L’ondata di realizzi di profitto nel broad market sembra essersi ridotta, e sulla notizia dell’acquisizione di Network Solutions da parte di Verisign per $21 mld il settore high-tech parte alla grande. (vedi storia WSI).

La sessione di martedi’ sara’ cruciale per capire se la pausa accusata lunedi’ daii titoli high-tech e’ un evento temporaneo o se invece e’ il segnale che il settore tecnologico si e’ sopravvalutato oltre misura.

Lunedi’ il Nasdaq ha chiuso con una flessione dello 0,2% dopo aver toccato i massimi intraday di 4970. Secondo alcuni analisti, la soglia psicologica dei 5000 punti potrebbe essere lo scoglio finale per l’inizio di una recessione. Ma la corsa e’ ancora aperta e i segnali tecnici non sono univoci. Come gia’ detto, molto dipendera’ dalla sessione di oggi.

I timori sul continuo aumento dei tassi di interesse, intanto, rimangono. Il rendimento del titolo decennale del Tesoro Usa, che si muove in direzione opposta al prezzo, si trova in rialzo al 6,38%, dal 6,36% registrato lunedi’ pomeriggio.

Sulla borsa pesano ancora le parole del Chairman della Federal Reserve, Alan Greenspan, che nel giorno del suo 74esimo compleanno lunedi’ ha ribadito la sua preoccupazione per l’eccesso di produttivita’ negli Usa e per l’eccesso di apprezzamento del mercato azionaro americano.

Le prospettive sulla politica monetaria Usa risultano ancora piu’ complesse martedi’ mattina dopo la comunicazione dei dati sulla produttivita’ americana nel quarto trimestre del 1999.

Il Dipartimento al Lavoro Usa ha detto che la produttivita’ Usa nel 4Q e’ cresciuta del 6,4% – il tasso di crescita piu’ alto degli ultimi sette anni e ben al di sopra della stima preliminare del governo Usa, che aveva previsto una crescita del 5%. La cifra ha fatto scendere il costo unitario del lavoro del 2,5% – il declino piu’ pronunciato degli ultimi sette anni.

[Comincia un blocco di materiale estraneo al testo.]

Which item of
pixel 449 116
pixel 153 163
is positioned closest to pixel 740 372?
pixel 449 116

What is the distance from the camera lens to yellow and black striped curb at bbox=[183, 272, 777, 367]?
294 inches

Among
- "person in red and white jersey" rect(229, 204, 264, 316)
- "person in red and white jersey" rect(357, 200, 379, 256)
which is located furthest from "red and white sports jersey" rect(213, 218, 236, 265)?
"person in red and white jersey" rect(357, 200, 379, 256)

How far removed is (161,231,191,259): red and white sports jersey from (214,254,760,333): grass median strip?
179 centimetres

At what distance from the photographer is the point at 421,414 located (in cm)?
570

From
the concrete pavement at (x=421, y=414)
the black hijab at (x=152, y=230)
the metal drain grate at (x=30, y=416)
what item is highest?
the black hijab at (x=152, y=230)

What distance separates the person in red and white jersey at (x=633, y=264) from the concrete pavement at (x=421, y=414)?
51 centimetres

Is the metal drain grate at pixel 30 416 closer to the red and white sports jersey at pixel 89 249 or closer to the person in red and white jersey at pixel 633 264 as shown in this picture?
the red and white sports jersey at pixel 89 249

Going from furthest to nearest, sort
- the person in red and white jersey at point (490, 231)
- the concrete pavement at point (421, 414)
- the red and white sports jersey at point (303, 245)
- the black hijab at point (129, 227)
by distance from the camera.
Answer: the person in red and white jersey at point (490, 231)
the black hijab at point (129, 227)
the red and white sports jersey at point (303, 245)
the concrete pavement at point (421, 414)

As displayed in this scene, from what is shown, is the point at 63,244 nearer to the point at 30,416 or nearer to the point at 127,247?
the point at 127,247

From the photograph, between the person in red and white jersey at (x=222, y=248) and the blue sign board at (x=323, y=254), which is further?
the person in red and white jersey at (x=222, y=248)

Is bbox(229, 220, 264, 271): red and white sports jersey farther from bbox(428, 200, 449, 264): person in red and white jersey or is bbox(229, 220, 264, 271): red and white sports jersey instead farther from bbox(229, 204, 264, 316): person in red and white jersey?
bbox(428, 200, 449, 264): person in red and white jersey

L’aumento della produttivita’, in linea con le aspettative di Wall Street, conferma quindi un quadro di inflazione contenuta nonostante la forte crescita economica. Questo significa che la Fed potrebbe non ricorrere a una serie cospicua di rialzi dei tassi per combattere pressioni inflazionistiche.